▸ **Aim of the exercise**
Your reply should contain the whole listing below, repeated exactly, and no images.

▸ **Data extract**
************

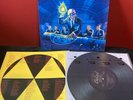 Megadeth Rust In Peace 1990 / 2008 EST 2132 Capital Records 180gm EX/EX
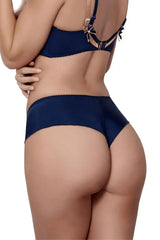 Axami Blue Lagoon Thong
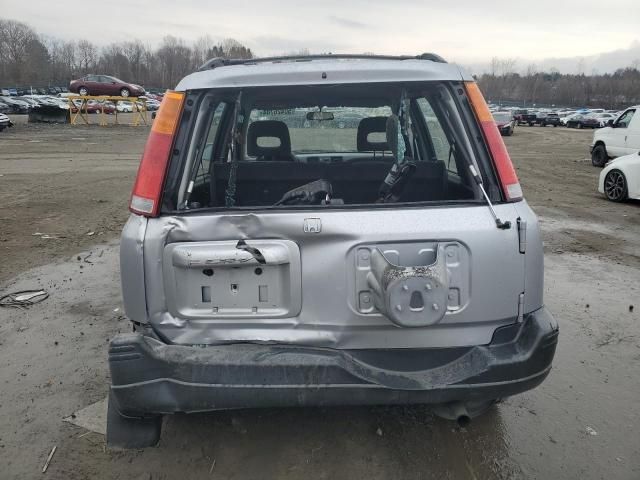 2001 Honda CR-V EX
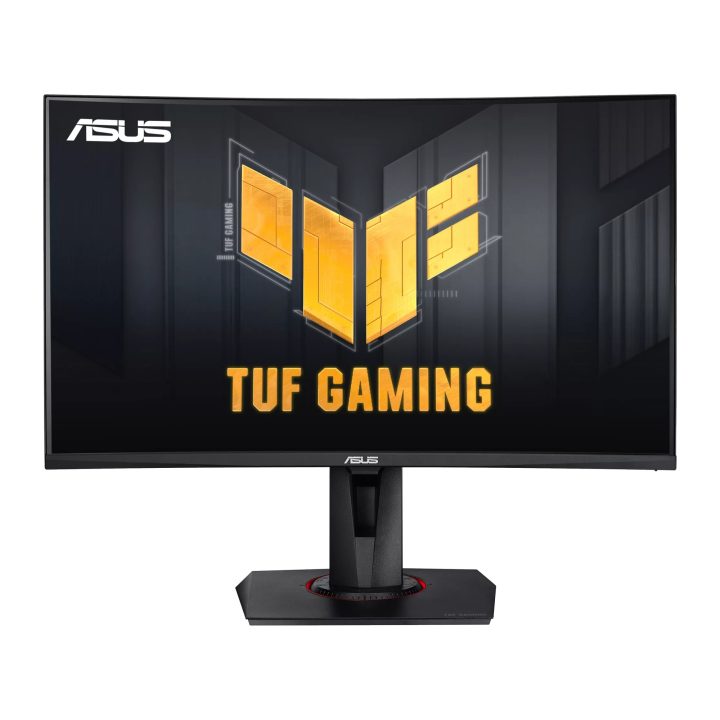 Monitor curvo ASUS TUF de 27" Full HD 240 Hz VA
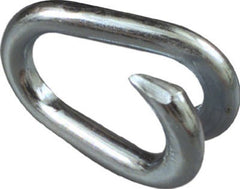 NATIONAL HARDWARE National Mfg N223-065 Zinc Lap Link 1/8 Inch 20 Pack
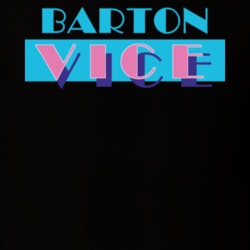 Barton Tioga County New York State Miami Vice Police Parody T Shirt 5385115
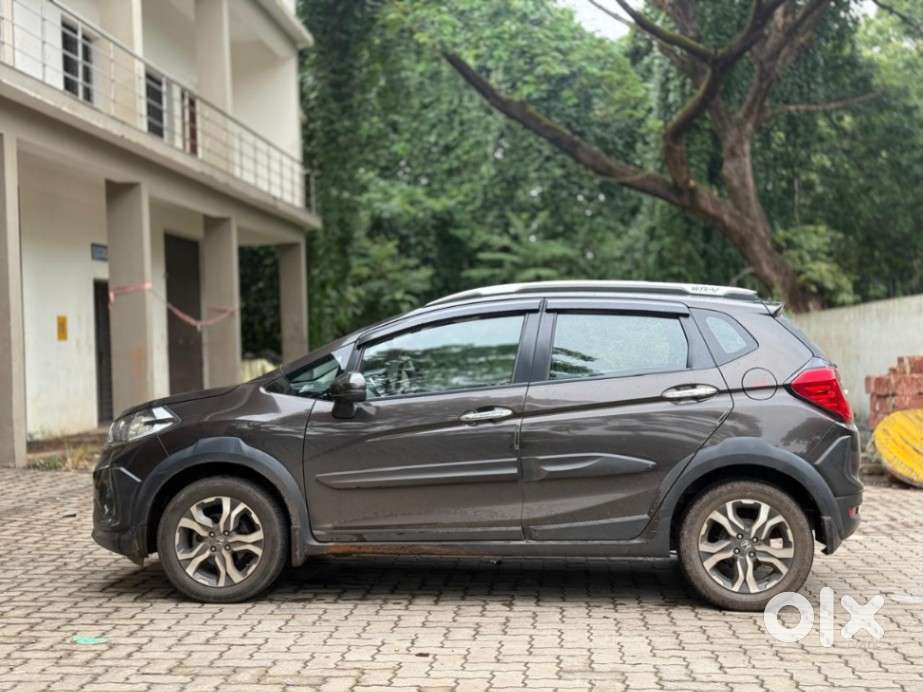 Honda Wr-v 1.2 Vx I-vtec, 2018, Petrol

************

▸ **Answer to the exercise**
 Megadeth Rust In Peace 1990 / 2008 EST 2132 Capital Records 180gm EX/EX
 Axami Blue Lagoon Thong
 2001 Honda CR-V EX
 Monitor curvo ASUS TUF de 27" Full HD 240 Hz VA
 NATIONAL HARDWARE National Mfg N223-065 Zinc Lap Link 1/8 Inch 20 Pack
 Barton Tioga County New York State Miami Vice Police Parody T Shirt 5385115
 Honda Wr-v 1.2 Vx I-vtec, 2018, Petrol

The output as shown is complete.